Police have warned that anyone breaking Covid-19 regulations in NI will face a "robust" response.
But while large gatherings are mostly ruled out, attempts have been made to celebrate in style around the world.
Since 2010, landmarks around the world have gone green in honour of St Patrick and this year, a record number of places are taking part.
Some 670 sites in 66 countries will take part in Tourism Ireland's Global Greenings initiative.
The quirkiest additions to this year's list include an abandoned sauna in Finland and a Smurf statue in Brussels.
Here's how other places in Northern Ireland and further afield are planning to mark the occasion:
Belfast has an array of virtual events for people to enjoy from the comfort of their own homes throughout the month of March.

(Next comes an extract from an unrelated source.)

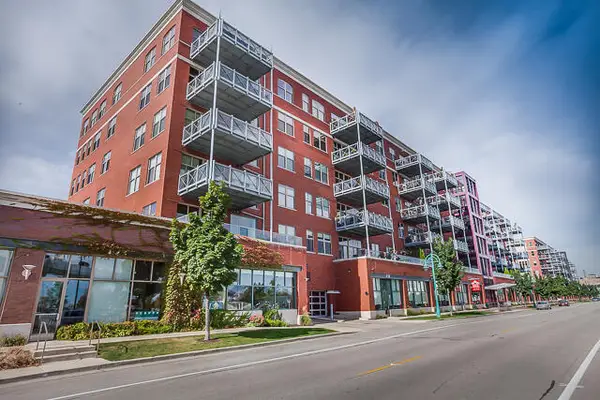 601 E Erie St, Milwaukee, WI 53202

An online disco, Irish language festivals and a virtual guided tour of the city's street art are just some of the events on offer.

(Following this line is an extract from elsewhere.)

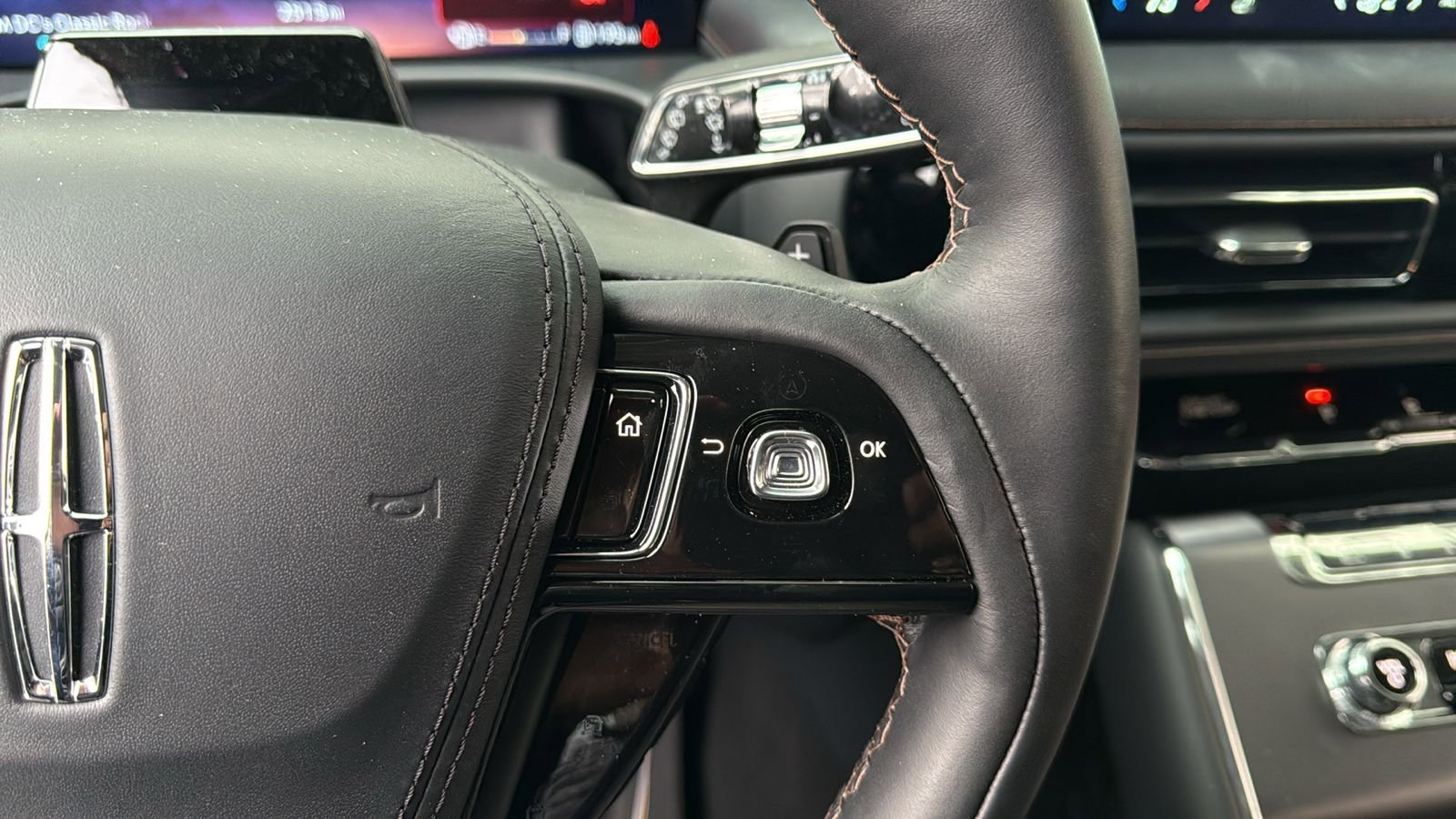 New 2026 Lincoln Aviator AWD image 23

Several live music events will also be streamed throughout St Patrick's Day, showcasing the city's talent.
St Joseph's Church in Sailortown is one such venue celebrating with an eight-hour live-streamed event.
Newry, Mourne and Down
The St Patrick's Centre in Downpatrick, County Down is celebrating with a number of online events for St Patrick's Day and also to mark its 20 year anniversary.
A new show about St Patrick, a children's virtual art competition and a series of podcasts from former BBC politics correspondent Martina Purdy and ex-barrister Elaine Kelly, who are pilgrim guides on the new St Patrick's Way, are just some of the events on offer.

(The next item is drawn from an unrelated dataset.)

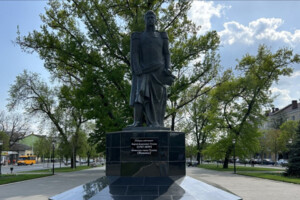 На Одещині влада демонтує пам’ятник російському генералу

Speaking to BBC's Good Morning Ulster programme, Ms Purdy said that some of the guests involved on the podcast are journalist and presenter Eamonn Holmes, as well as Irish cellist Patrick Dexter, who has found online fame with his open-air recitals, shot outside his cottage in County Mayo.
"I was probably less aggressive than I was previously with some politicians," she said.
It is claimed that St Patrick is buried outside Downpatrick Cathedral. A large granite stone marks the spot, placed there in the early 20th century.
Derry City and Strabane
The council's Spring and St Patrick's Day programme promises to "bring some colour" to the city and district, according to mayor Brian Tierney.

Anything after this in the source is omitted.